** Information supplied follows **

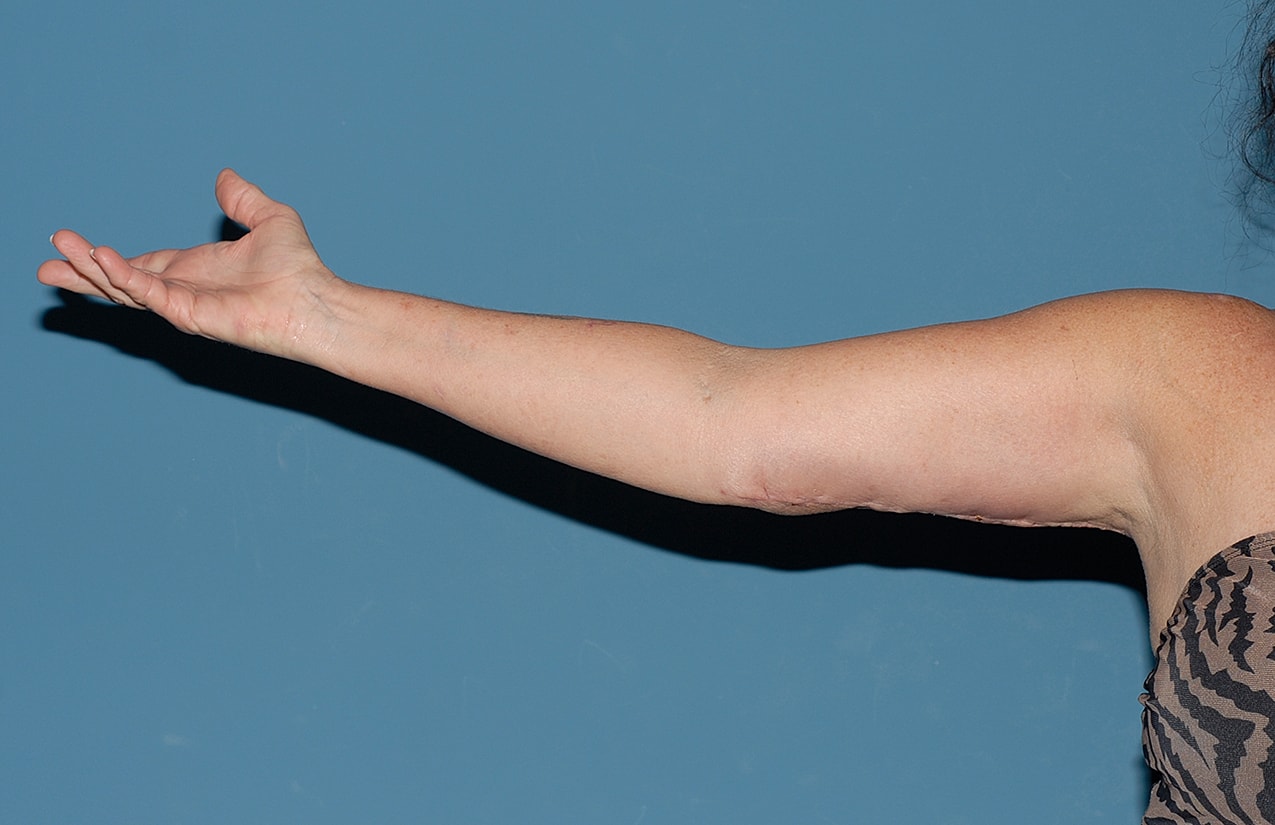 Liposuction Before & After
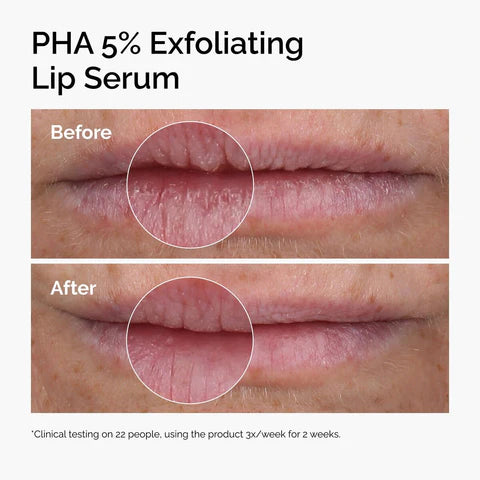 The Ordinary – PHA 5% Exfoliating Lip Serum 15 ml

** End of Information supplied **
** Information supplied follows **

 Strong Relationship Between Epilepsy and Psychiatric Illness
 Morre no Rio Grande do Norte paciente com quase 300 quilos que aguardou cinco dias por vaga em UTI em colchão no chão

** End of Information supplied **

**Activity**. From the records above, copy exactly the lines starting at the one with "Liposuction Before & After" and ending at the one with "The Ordinary –", and no others. Pictures stay out.

**Exercise solution**.
 Liposuction Before & After
 The Ordinary – PHA 5% Exfoliating Lip Serum 15 ml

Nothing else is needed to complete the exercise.